◆ **WHAT YOU WILL DO**
Below is a listing. Return the lines from the one that contains "Patio terrace at" to the one that contains "Wallpaper Mural Baked", both ends included, verbatim and with no pictures.

◆ **RECORDS FOR PROCESSING**
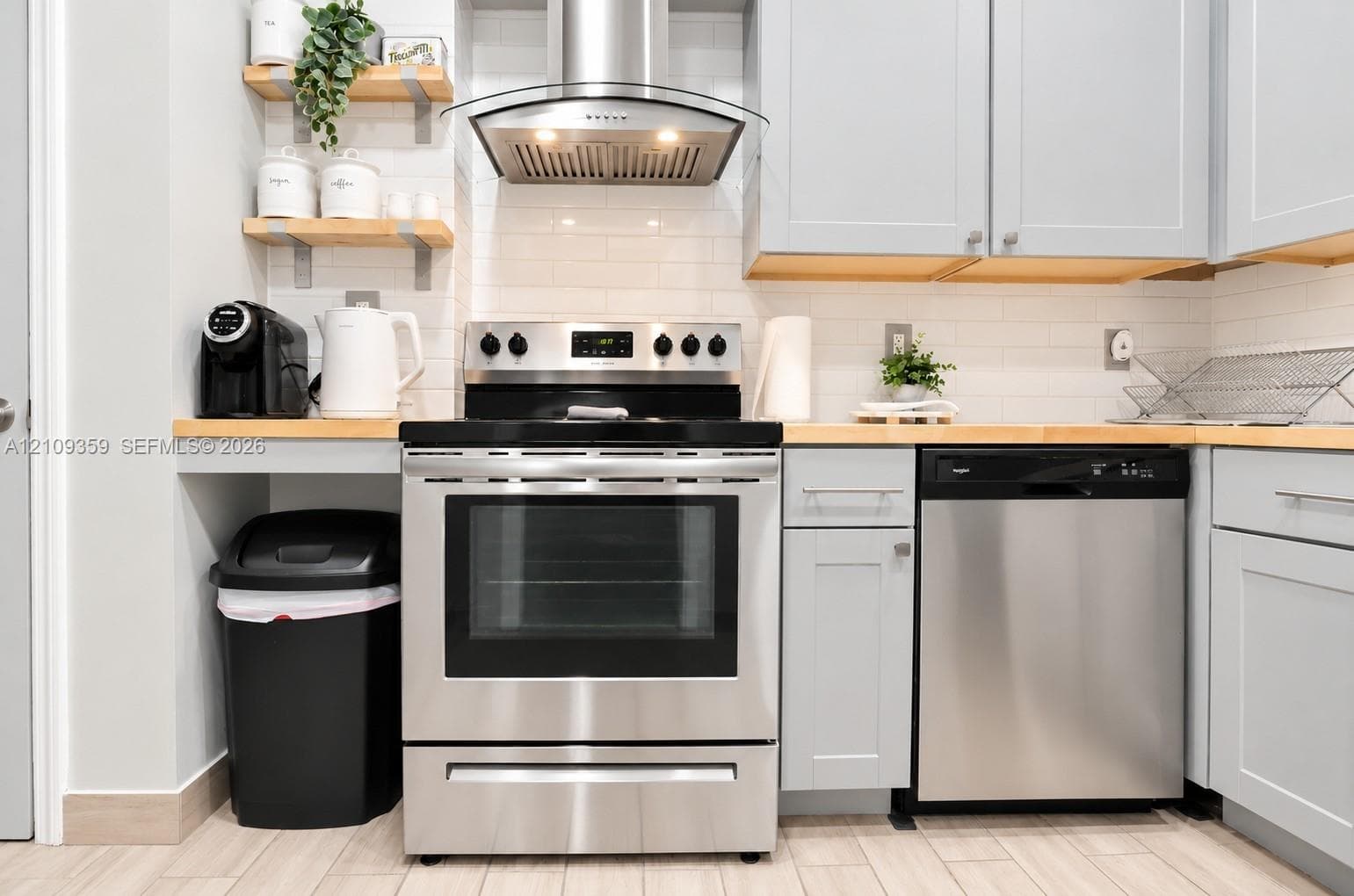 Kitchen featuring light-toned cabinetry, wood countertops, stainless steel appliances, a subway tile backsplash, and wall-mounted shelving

--

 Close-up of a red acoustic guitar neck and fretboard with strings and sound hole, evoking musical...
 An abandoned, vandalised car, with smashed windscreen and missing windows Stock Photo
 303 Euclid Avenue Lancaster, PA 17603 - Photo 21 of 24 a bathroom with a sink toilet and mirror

* * *

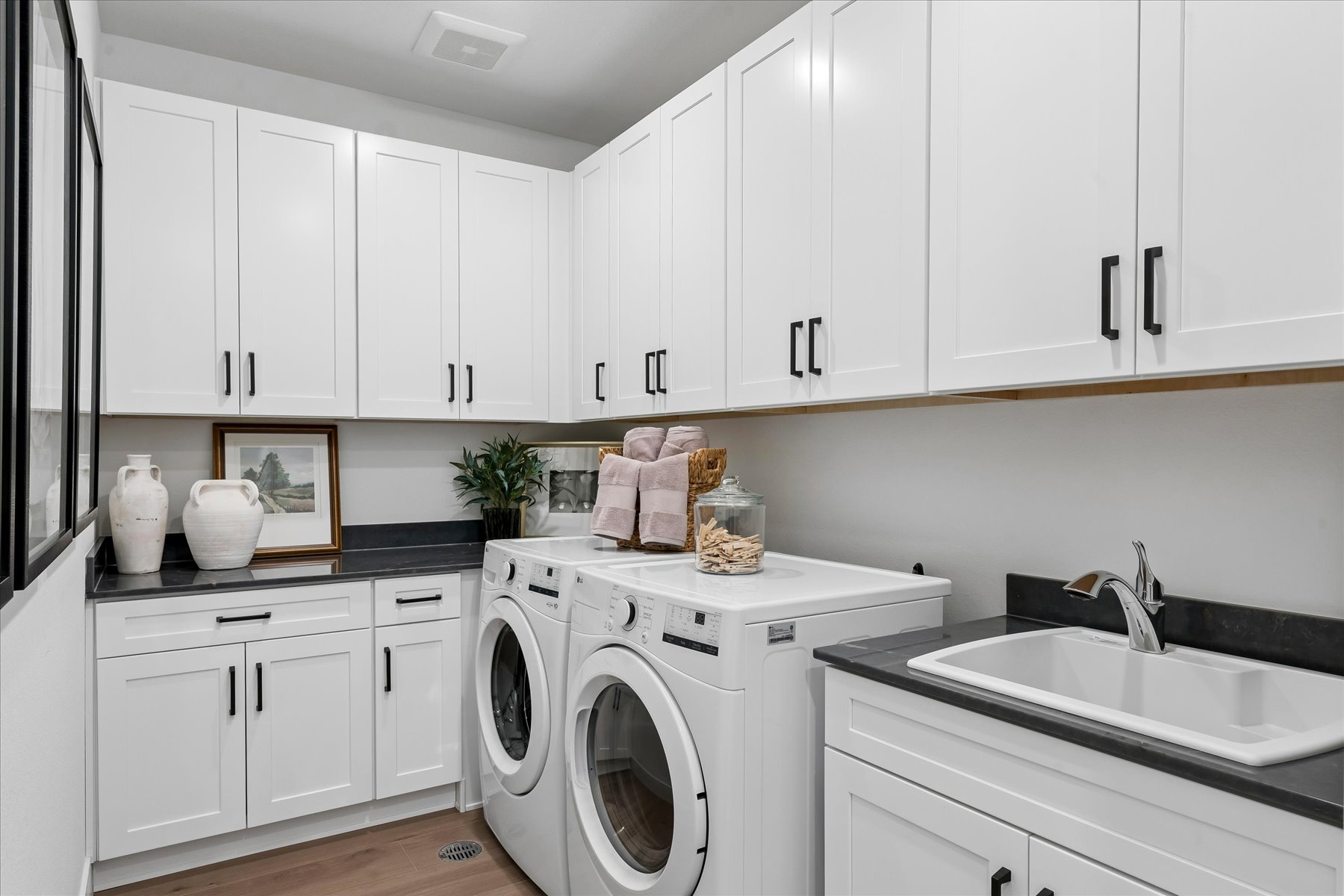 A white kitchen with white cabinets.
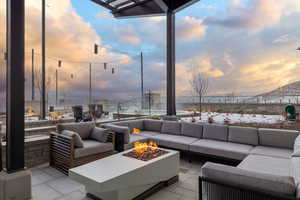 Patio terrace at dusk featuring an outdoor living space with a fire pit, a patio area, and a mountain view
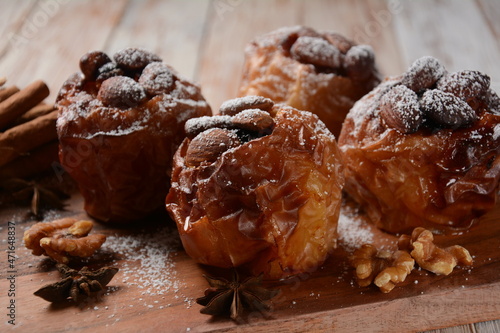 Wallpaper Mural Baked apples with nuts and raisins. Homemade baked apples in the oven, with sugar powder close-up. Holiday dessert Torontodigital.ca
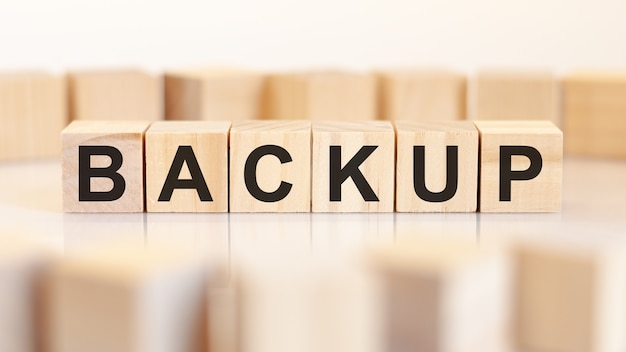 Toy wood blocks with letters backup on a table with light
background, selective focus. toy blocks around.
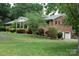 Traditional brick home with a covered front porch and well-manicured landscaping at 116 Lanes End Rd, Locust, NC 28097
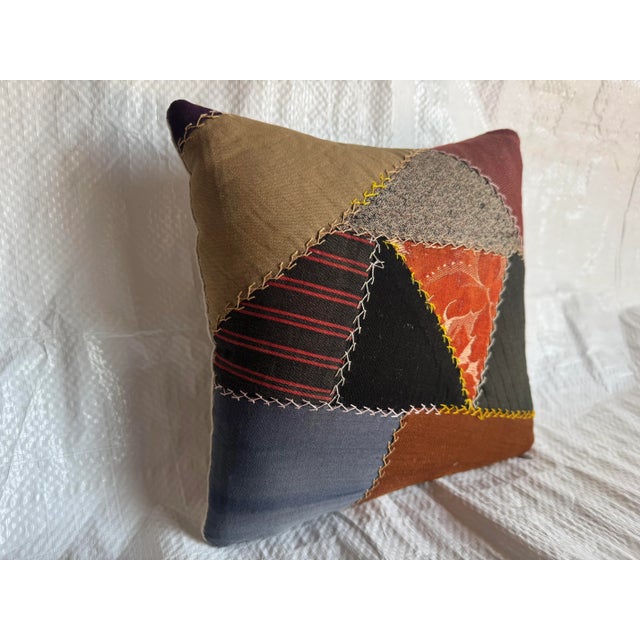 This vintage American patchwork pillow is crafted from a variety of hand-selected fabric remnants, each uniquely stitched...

◆ **ANSWER TO THE PROBLEM**
 Patio terrace at dusk featuring an outdoor living space with a fire pit, a patio area, and a mountain view
 Wallpaper Mural Baked apples with nuts and raisins. Homemade baked apples in the oven, with sugar powder close-up. Holiday dessert Torontodigital.ca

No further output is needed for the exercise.